Chicken liver 'PX' pâté spread on toast

Put the pan back on the high heat and pour in the sherry. The liquid should boil immediately. Remove the pan from the heat and, once the bubbling stops, pour and scrape the reduced sherry into the blender. Add the remaining butter and the cream, then blitz for 3 to 4 minutes until really smooth. Taste and season with salt and a pinch of white pepper.

Pour into a container (Tupperware is fine) and chill in a fridge for 3 hours or more. This will keep for a few days; it will also freeze.

Sticky lamb ribs and green sauce

Like chicken livers, lamb breast is inexpensive but flavourful. The two stages of cooking here ensure a crisp, sticky, caramelised exterior, yet soft, yielding meat within. You'll find the meat to be (deliciously) fatty, so an acidic herby sauce is required to cut through the richness. A crisp salad on the side is good too.

Preparation: 15 mins

Cooking: 2½ hours

Chilling: overnight

Serves 4 as a main, 6-8 as a starter or snack

2 lamb breasts, ribs attached
2 onions, peeled, halved, each half quartered
2 sticks celery, cut into 5cm-length pieces
5 cloves garlic, skin on, cut in half
Peeled zest ½ lemon
2 star anise
3 sprigs rosemary
Salt and pepper
4 tbsp honey

For the green sauce

60g fresh mint leaves
30g parsley leaves
1 tsp Dijon mustard
15g capers
90g olive oil
15g sherry vinegar
30g lemon juice
Pinch salt and pepper

Preheat your oven to 140C.

Trim the lamb breasts to fit your roasting tray by dividing each breast into two broadly rectangular pieces. It should make sense to make a cut just after the last rib bone.

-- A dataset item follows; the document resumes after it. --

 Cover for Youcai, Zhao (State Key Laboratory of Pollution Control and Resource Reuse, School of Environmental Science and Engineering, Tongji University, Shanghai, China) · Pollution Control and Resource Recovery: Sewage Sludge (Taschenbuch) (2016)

Put the onion, celery, garlic, lemon zest, anise and rosemary in a roasting tray. Rub a good grind of salt and pepper into the breast meat. Place on top of the base vegetables, skin- and fat-side up. Fill the tray with cold water to two-thirds up the sides. Wet and crumple a piece of greaseproof paper just bigger than the tray, then lay that over the lamb, tucking the edges in. Then cover the tray and its contents tightly with foil. Bring the water to the boil on a hob, then place in the middle of the oven and braise for 2 hours. Swap the breast pieces around after an hour (if they don't fit in one layer).

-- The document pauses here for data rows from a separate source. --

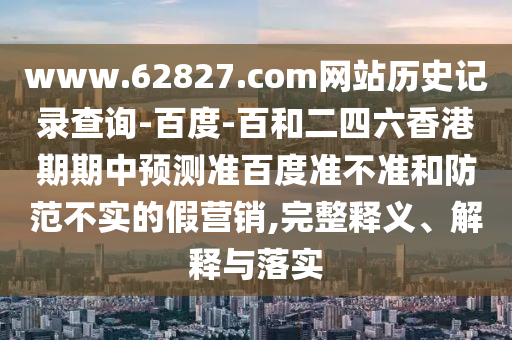 www.62827.com网站历史记录查询-百度-百和二四六香港期期中预测准百度准不准和防范不实的假营销,完整释义、解释与落实
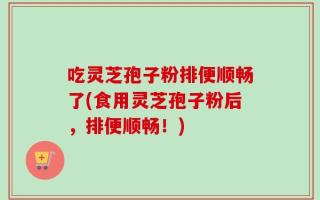 吃灵芝孢子粉排便顺畅了(食用灵芝孢子粉后，排便顺畅！)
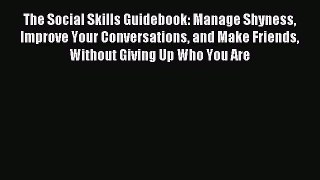 Read The Social Skills Guidebook: Manage Shyness Improve Your Conversations and Make Friends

After 2 hours, leave to cool with the foil still on for 2 to 3 hours more. Remove the lamb ribs from the liquid (and fat). Cling-wrap and chill in the fridge for 4 hours or overnight.

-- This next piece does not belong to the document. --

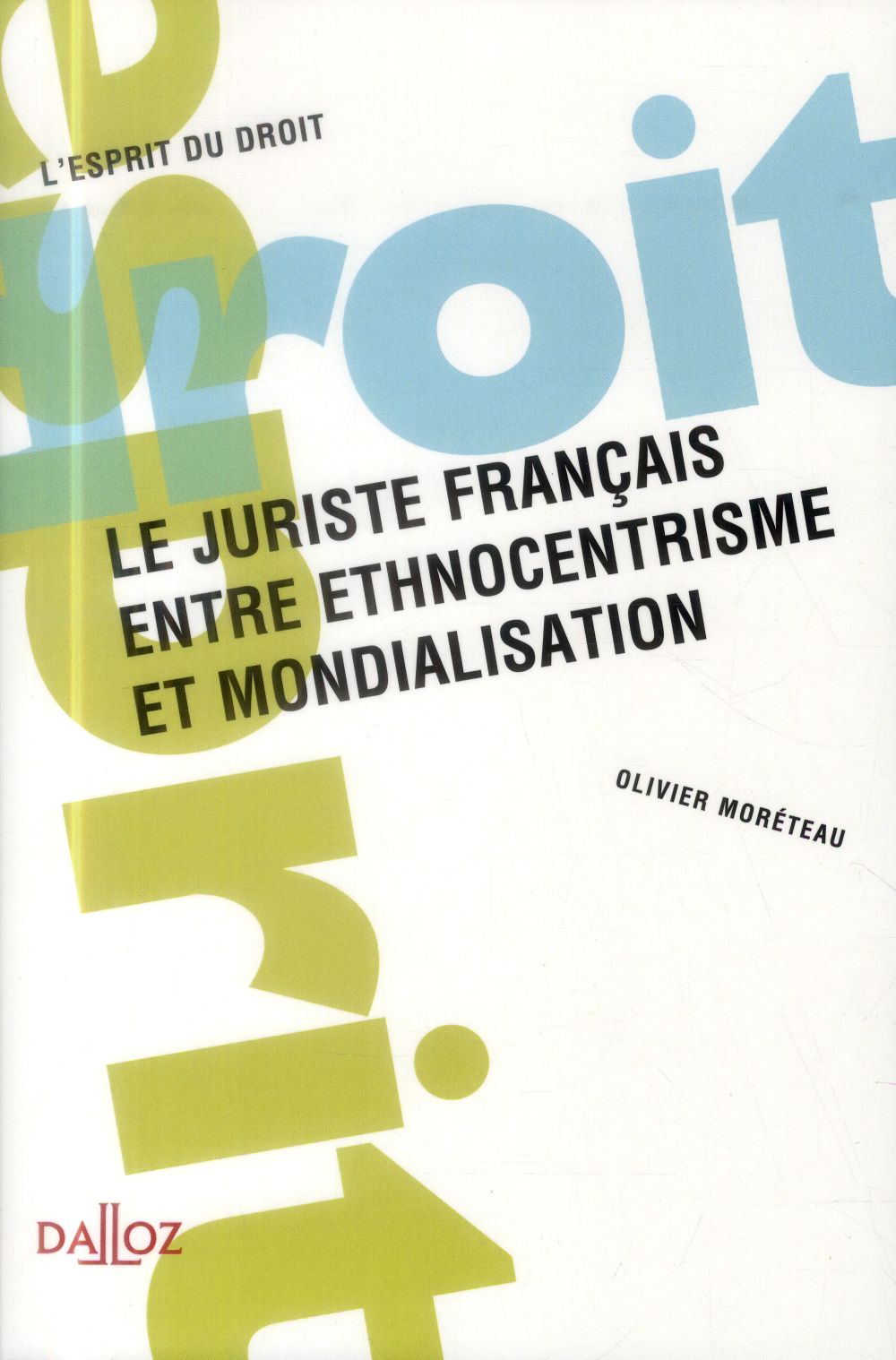 Le juriste français entre ethnocentrisme et mondialisation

Sticky lamb ribs and green sauce

Slice the chilled breast between each rib section. You may need to cut through cartilage; use a heavy knife and be confident. Where there is no bone, cut to 3cm- to 4cm-wide strips.

When ready to eat, heat the oven to 210C.

Make the sauce by blitzing all the ingredients in a food processor or blender for 2 to 3 minutes, so it is fairly smooth.

Brush warmed honey over each rib and cook in a shallow tray at the top of the oven for 20 minutes, until the juices and fats are dancing, and the ribs are brown and caramelised. Baste two or three times while cooking using any remaining honey and the juices rendering on the tray.

Quince and coconut

The transformation that occurs when quince is cooked is remarkable – from hard and yellow to soft, pink and perfumed. In some ways it mirrors how hard-working muscles break down and become unctuous over a long, slow cook.

Preparation: 10 mins

Cooking/cooling: 7 hours

Serves 6

800ml water
150g granulated sugar
Juice ½ lemon
2 large quinces (approx 800g)
300ml coconut yoghurt
30g dried coconut flakes

Put the water and sugar in a small pan and bring to the boil, stirring so that the sugar dissolves.

Heat the oven to 120C.

Squeeze the lemon juice into a mixing bowl. Peel, quarter and core the quinces and drop the quarters into the lemon to prevent browning.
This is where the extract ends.